How 'Tactical watch-outs' can help police in woodland manhunts

I borrowed the ‘Watch Out’ concept from the wildland fire-fighting community and have adapted it to woodland manhunts and find them to be an excellent tool

Imagine the following scenario: You receive radio traffic that there is a manhunt for a murder suspect in progress. You respond, and upon arriving at the CP, you are assigned to a hasty perimeter team comprised of some officers with whom you have never worked. 

En route to your assigned area, you hear “Shots fired, officer down.” Your three-man team is close by, so you enter the woods and move up a drainage culvert to reinforce the contact team. The exact location of the fugitive and the friendlies are unknown — your quarry could be anywhere in the immediate area.  

Your heart is beating in your ears, both from the adrenaline and the climb. Your team is trying to move tactically but still cover the needed ground. Suddenly up ahead in the thicket you see a shadow move. You come to high-ready and challenge — but it's one of your own. 

Tactical Watch Outs
This situation is not a training scenario. I’ve changed a few details, but that is an actual incident which occurred during one of the many woodland manhunts I’ve studied. 

My interest in studying woodland manhunts dates back to 1998, when my friend — U.S Park Ranger Joe Kolodski, affectionately known as Joe K — was murdered and a woodland manhunt ensued. I think a lot about the search tactics and strategies we used that day. We did some great work, but like every other dynamic situation, we could have done some things better. 

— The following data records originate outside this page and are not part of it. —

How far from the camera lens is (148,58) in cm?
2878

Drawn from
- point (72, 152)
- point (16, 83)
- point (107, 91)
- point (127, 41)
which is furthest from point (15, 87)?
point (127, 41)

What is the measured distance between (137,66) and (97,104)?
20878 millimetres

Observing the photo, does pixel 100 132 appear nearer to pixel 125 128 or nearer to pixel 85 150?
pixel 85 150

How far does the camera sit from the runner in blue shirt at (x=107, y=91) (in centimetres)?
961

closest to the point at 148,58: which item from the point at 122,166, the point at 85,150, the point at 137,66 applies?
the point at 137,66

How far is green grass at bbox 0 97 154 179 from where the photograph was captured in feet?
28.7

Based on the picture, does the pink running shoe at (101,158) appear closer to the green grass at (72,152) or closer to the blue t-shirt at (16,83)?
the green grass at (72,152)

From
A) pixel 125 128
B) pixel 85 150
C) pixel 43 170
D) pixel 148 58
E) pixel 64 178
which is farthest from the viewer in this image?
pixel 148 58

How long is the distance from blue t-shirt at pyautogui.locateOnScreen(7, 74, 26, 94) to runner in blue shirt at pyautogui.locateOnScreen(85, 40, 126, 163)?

I reflect and dissect the hunt as a means of constant reevaluation of the training curriculums in which I am involved — and also to remember him. 

I believe that woodland manhunts are one of the most — if not the most — high-risk types of operations that an officer will face, which is why I want to share my observations of the tactical watch-out.

I borrowed the ‘watch-out’ concept from the wildland fire-fighting community and have adapted it to woodland manhunts. Wildland fire agencies use them as a means of educating wildland firefighters to hazards that might not be easily recognized when functioning in a hostile environment. I have used them countless times in both wildland firefighting and in woodland manhunts and find them to be an excellent tool.

We will use them as a means of identifying both tactical and strategic situations that are common in woodland manhunts.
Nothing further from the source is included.